ABT-288

Microphysiological systems (MPS) contain multiple cell types in three dimensions and often incorporate fluidic shear forces. There is interest in MPS for disease and efficacy modeling, safety and disposition studies. Animal cell-based MPS are needed to provide confidence in the translation of data from human cell-based MPS. We developed rat and dog quad-culture liver MPS incorporating primary hepatocytes, sinusoidal endothelial, Kupffer, and stellate cells. Using cryopreserved primary cells, we established a protocol for co-culturing cells under physiological flow conditions. Cells were evaluated for viability, morphology, and function (e.g. albumin production, cytochrome P450, and flavin-containing monooxygenase [FMO] activity).
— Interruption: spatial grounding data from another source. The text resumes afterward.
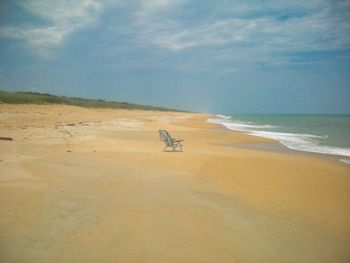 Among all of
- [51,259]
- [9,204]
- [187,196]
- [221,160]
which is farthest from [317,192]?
[9,204]

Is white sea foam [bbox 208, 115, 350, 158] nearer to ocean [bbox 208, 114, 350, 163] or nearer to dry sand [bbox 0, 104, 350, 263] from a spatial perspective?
ocean [bbox 208, 114, 350, 163]

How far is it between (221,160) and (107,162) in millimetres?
3664

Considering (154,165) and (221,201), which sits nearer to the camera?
(221,201)

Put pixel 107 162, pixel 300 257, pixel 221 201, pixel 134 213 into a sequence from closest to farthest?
1. pixel 300 257
2. pixel 134 213
3. pixel 221 201
4. pixel 107 162

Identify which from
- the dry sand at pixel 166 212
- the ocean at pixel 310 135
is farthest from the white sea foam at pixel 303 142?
the dry sand at pixel 166 212

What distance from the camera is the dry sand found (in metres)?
3.63

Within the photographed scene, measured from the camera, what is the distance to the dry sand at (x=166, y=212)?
3635 millimetres

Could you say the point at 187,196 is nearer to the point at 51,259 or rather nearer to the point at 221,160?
the point at 51,259

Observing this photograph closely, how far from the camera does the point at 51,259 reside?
10.9 feet

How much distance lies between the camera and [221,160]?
9836 millimetres

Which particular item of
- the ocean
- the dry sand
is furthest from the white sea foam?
the dry sand

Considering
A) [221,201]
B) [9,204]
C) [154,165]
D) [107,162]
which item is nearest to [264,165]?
[154,165]

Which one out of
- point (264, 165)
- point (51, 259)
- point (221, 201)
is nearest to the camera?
point (51, 259)

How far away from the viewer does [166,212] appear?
4820mm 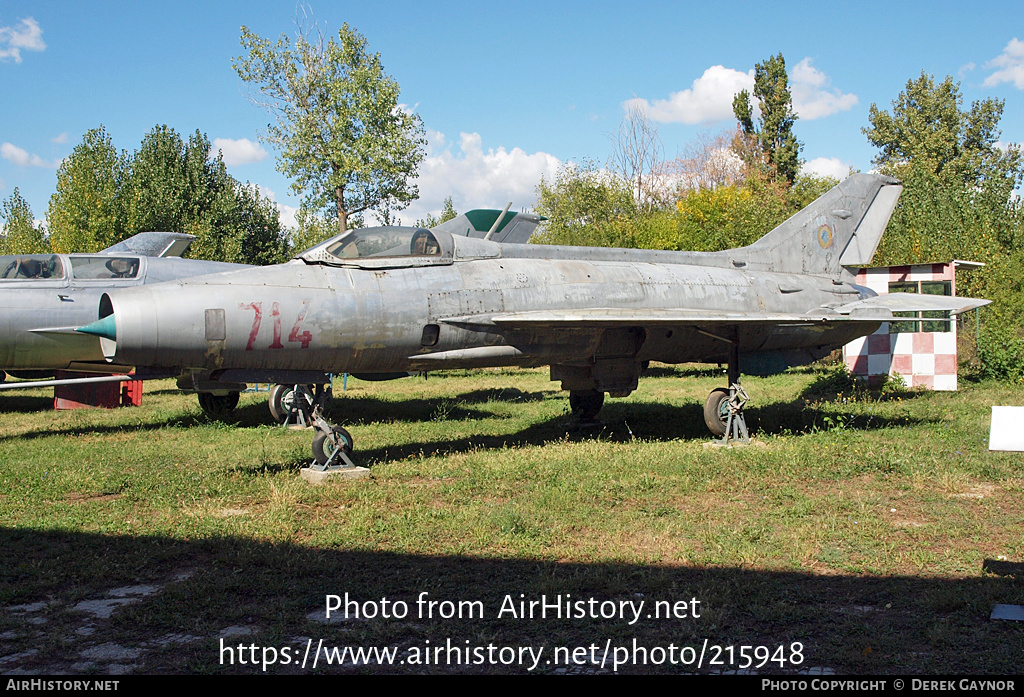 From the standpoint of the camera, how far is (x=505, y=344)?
29.7 ft

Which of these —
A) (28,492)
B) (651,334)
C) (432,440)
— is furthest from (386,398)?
(28,492)

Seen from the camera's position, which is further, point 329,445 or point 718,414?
point 718,414

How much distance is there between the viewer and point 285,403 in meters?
12.4

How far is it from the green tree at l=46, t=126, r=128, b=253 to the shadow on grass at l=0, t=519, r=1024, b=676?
31339mm

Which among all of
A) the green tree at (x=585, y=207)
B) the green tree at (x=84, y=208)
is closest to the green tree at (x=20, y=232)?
the green tree at (x=84, y=208)

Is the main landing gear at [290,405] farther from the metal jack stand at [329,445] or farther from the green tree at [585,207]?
the green tree at [585,207]

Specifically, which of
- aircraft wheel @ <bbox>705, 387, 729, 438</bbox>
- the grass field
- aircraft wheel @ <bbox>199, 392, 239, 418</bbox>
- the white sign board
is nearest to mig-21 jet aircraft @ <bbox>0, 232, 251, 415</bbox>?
the grass field

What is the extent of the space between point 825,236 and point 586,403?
483 centimetres

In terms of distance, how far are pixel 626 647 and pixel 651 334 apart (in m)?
6.61

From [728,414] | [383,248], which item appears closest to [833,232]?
[728,414]

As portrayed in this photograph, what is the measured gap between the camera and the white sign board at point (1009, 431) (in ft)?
12.6

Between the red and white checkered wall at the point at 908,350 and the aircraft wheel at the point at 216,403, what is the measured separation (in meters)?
12.4

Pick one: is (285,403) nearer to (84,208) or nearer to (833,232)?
(833,232)

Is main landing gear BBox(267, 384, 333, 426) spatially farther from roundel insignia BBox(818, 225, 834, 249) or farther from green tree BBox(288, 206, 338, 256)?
green tree BBox(288, 206, 338, 256) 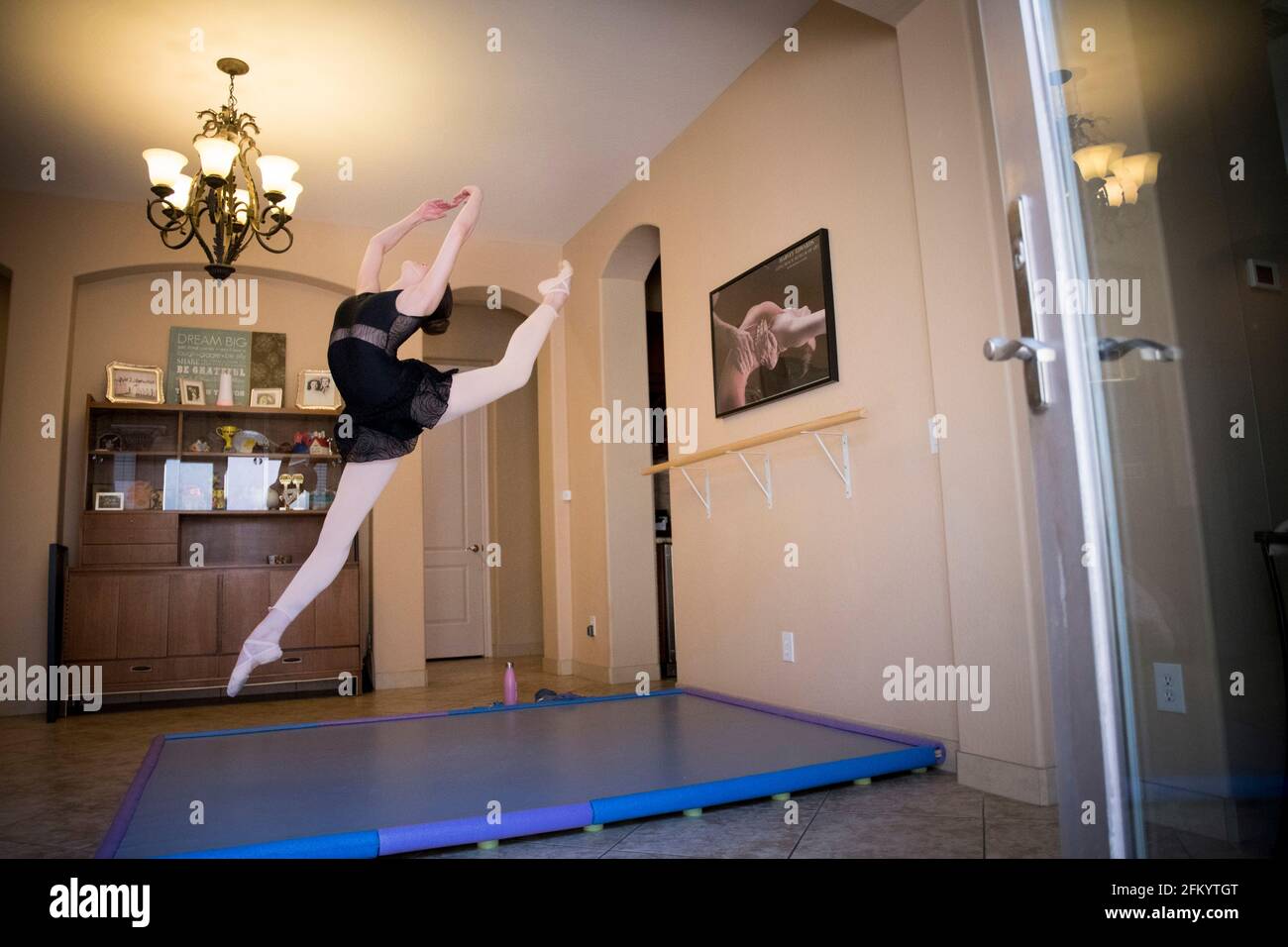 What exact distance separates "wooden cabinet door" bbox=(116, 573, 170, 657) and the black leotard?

Optimized culture conditions maintained high-quality rat and dog liver chips for up to 7 days. Model performance was evaluated with ABT-288, a histamine-3 receptor antagonist that caused elevated serum transaminases in dogs but not rats. This finding was partially attributed to the high levels of FMO-mediated N-oxide metabolites produced in the dog. Key findings in our study were (i) dog chips showed much higher FMO-mediated N-oxidation compared with rat, and (2) dog chips exhibited modestly higher sensitivity to ABT-288 toxicity endpoints (albumin, alanine transaminase, and lactate dehydrogenase) compared with rat. Species differences in N-oxidation were not observed in rat and dog liver microsomes or 2D hepatocyte monocultures, suggesting that properties of the quad-culture MPS were necessary to model higher FMO activity observed in dogs in vivo. The data suggest that this preclinical species liver chip model provides novel understanding of in vitro to in vivo translation of ABT-288 dog liver toxicity.